Closed for then, but God would re-open it in the last days. Micah 6

The Case against God’s People: Micah 6 (7)

Opening Prayer: Psalm 48.1-3
Great is the LORD, and greatly to be praised
In the city of our God,
In His holy mountain.
Beautiful in elevation,
The joy of the whole earth,
Is Mount Zion on the sides of the north,
The city of the great King.
God is in her palaces;
He is known as her refuge.

Sing Psalm 48.1-3

(Cwm Rhondda: Guide Me, O Thou Great Jehovah)
Great is God, now greatly praise Him in the city of the Lord.
Holy she, His lovely mountain, great and glorious by His Word!
God her King is great within her, He, her Stronghold ever sure!
He, her Stronghold ever sure!

Read Micah 6; meditate on verse 9

1. Who will see the Name of the Lord?

2. What had God appointed for His people?

Micah 6 reads like a court hearing. God has a complaint against His people, a court case, which He will briefly unfold (vv. 1, 2). First, He marshals the evidence of His lovingkindness and goodness. He saved His people, gave them loving shepherds, brought them through the wilderness, and overthrew the pagan kings of Canaan, that they might enjoy the land He promised to their fathers (vv. 3-5). Thus the people could see and know the righteousness of the Lord (v. 5).

How should the people have responded to this? Micah, speaking on behalf of the nation, declares that merely offering outward obeisance through offerings is not what God was seeking, much less to offer their children, following the practices of pagan nations, as sacrifices to Him (vv. 6, 7). God required of His people true fellowship with Him, issuing in goodness, justice, and mercy (v. 8). And this, under the influence of pagan religion and ways, was what the people of Israel and Judah sorely lacked.

Verse 9 begins the verdict: Anyone with a lick of wisdom would be able to see the justice of God’s case. Now the rod of judgment must fall on the backs of His people.

For their wickedness – deceit, lying, violence, and more – God will bring His people to desolation, blighting their economy (vv. 13-15) and bringing them to ruin and captivity (v. 14) because they preferred the statutes and works of wickedness to the good, just, and loving Law of the Lord (v. 16).

The pagan world would confirm the justice of God’s case against His people by hissing at them as they were borne away captive to Assyria and Babylon. Case closed.

Treasure Old and New: Matthew 13.52; Psalm 119.162
In God’s mercy, cases are begun, closed, and reopened. Here the LORD cries to the city.

In Proverbs 8 we read of wisdom crying out and understanding lifting up her voice. (Prov. 8.1)

Matthew 9.13 tells us that God calls sinners to repentance.

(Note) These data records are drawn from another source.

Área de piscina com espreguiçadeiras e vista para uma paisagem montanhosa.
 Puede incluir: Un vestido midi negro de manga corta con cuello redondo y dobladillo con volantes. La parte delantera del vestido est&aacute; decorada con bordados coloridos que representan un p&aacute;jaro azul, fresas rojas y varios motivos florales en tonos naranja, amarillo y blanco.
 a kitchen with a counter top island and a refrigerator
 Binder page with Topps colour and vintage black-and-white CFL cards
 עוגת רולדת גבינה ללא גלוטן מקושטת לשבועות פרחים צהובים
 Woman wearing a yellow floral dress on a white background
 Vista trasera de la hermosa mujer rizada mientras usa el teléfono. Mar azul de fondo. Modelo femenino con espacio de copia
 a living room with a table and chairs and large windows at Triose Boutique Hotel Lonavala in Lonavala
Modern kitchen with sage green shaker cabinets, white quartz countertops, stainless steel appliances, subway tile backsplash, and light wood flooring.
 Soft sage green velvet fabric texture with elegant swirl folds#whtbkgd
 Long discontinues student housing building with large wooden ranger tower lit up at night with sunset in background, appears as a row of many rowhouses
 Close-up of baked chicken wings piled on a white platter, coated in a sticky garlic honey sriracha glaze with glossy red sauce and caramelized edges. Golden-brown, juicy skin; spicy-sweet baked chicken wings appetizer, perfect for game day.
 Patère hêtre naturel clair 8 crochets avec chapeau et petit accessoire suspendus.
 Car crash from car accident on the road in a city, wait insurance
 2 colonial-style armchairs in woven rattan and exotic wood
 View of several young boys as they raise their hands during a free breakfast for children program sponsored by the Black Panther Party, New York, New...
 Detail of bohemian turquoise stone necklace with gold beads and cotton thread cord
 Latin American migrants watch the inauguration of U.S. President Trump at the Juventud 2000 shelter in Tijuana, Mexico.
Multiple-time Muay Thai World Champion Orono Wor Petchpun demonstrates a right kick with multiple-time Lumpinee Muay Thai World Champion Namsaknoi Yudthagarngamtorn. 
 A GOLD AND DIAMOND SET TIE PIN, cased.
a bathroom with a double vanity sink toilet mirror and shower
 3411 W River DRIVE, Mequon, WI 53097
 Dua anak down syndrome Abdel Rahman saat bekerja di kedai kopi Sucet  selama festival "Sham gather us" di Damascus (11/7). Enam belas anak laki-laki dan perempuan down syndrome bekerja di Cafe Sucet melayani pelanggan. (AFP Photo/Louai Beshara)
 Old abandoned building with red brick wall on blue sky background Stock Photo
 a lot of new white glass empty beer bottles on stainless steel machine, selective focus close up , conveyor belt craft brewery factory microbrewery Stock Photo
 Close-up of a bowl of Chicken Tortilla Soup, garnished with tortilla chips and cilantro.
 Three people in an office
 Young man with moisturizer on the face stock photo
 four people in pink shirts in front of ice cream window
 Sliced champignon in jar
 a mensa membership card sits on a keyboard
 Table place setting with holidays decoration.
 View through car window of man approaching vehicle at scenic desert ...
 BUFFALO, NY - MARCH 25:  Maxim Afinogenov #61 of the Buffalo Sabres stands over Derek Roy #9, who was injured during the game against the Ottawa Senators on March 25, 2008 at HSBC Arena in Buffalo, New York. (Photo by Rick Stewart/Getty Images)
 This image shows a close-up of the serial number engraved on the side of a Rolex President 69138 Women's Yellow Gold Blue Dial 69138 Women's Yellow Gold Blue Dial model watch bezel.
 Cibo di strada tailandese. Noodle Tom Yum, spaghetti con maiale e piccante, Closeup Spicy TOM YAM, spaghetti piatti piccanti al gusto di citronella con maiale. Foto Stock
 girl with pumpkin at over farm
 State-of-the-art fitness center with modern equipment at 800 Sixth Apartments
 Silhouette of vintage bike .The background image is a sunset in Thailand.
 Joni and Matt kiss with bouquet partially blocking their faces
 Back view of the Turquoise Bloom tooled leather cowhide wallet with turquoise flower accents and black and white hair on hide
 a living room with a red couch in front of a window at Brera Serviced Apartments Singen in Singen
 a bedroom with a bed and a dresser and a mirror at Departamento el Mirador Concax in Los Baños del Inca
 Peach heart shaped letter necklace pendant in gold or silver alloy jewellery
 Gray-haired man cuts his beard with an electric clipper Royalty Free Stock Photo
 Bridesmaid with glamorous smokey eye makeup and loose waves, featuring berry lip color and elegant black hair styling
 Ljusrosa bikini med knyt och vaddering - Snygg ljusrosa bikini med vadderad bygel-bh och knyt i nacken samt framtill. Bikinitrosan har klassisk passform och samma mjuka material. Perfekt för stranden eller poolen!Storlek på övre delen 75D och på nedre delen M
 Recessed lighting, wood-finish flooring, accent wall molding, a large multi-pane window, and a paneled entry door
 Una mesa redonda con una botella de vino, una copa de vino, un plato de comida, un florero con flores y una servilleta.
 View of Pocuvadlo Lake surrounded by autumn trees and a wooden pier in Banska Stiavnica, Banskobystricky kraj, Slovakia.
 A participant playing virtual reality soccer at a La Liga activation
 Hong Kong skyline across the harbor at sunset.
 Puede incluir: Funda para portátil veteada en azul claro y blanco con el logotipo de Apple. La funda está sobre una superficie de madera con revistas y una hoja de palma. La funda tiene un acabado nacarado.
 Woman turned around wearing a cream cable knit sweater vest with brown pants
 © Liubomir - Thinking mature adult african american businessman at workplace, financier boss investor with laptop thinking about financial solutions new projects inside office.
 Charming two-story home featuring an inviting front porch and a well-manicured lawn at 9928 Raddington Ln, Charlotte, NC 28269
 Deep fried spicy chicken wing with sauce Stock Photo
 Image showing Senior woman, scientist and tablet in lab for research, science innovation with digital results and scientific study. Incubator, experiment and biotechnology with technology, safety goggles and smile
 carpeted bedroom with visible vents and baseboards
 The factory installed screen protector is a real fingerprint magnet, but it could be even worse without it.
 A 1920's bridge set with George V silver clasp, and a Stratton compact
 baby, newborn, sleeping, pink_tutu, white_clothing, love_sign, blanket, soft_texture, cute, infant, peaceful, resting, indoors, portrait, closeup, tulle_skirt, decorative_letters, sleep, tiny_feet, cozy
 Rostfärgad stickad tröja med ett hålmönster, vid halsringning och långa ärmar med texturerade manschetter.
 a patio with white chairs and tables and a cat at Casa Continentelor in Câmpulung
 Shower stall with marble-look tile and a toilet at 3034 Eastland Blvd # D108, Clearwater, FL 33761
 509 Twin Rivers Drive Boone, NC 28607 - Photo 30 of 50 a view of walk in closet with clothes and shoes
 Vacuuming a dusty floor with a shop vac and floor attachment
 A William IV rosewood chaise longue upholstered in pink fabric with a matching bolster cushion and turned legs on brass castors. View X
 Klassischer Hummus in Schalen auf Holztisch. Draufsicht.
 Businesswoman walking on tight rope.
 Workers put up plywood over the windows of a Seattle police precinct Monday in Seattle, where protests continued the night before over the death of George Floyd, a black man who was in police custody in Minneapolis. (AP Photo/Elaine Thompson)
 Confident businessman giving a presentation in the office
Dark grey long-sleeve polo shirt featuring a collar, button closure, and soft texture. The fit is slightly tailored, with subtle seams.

Peter tells us in Acts 2.39 that “the promise is to you and to your children, and to all who are afar off, as many as the Lord our God will call.”

And Jesus cried out “Jerusalem, Jerusalem, the one who kills the prophets and stones those who are sent to her! How often I wanted to gather your children together, as a hen gathers her chicks under her wings, but you were not willing!” (Matt. 23.37)

And for all of us, how often did the case seem closed but God in His mercy opened our hearts to Himself? How thankful we all should be that what seemed finished was reopened with a call and a cry from Him.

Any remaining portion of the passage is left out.